== RECORDS SHOWN ==

--- START ---

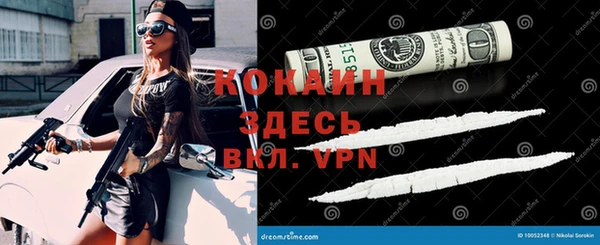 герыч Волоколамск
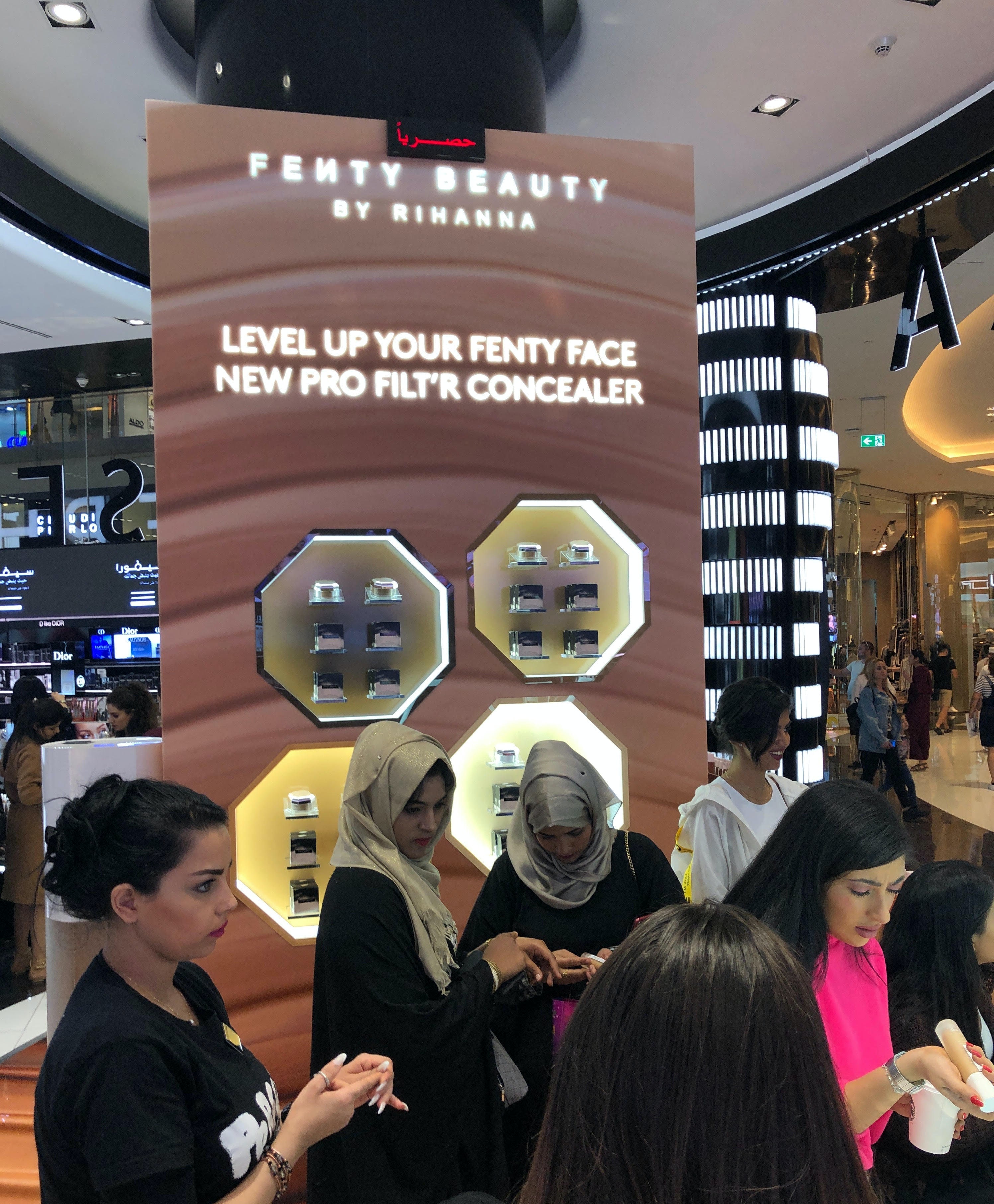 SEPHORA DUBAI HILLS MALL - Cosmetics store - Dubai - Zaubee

--- END ---
--- START ---

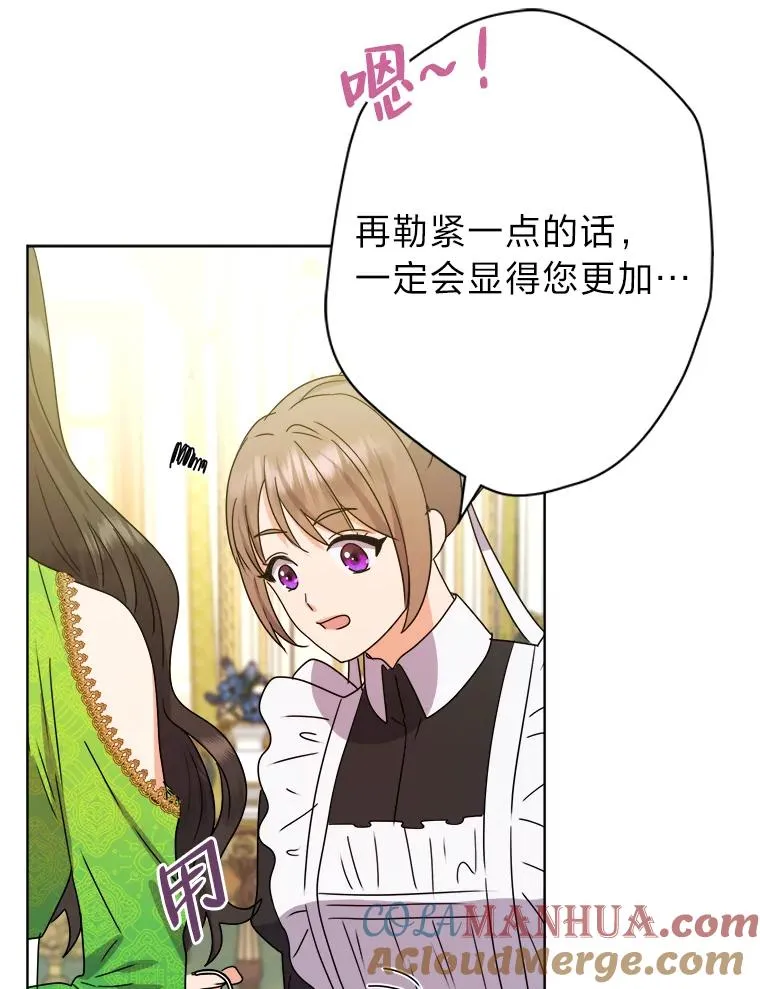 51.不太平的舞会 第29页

--- END ---

== TASK DIRECTIONS ==
Leaving out all pictures, set down exactly the lines of the material above, from the line with "герыч Волоколамск" to the line with "SEPHORA DUBAI HILLS" inclusive, and no others.

== SOLUTION TO THIS TASK ==
 герыч Волоколамск
 SEPHORA DUBAI HILLS MALL - Cosmetics store - Dubai - Zaubee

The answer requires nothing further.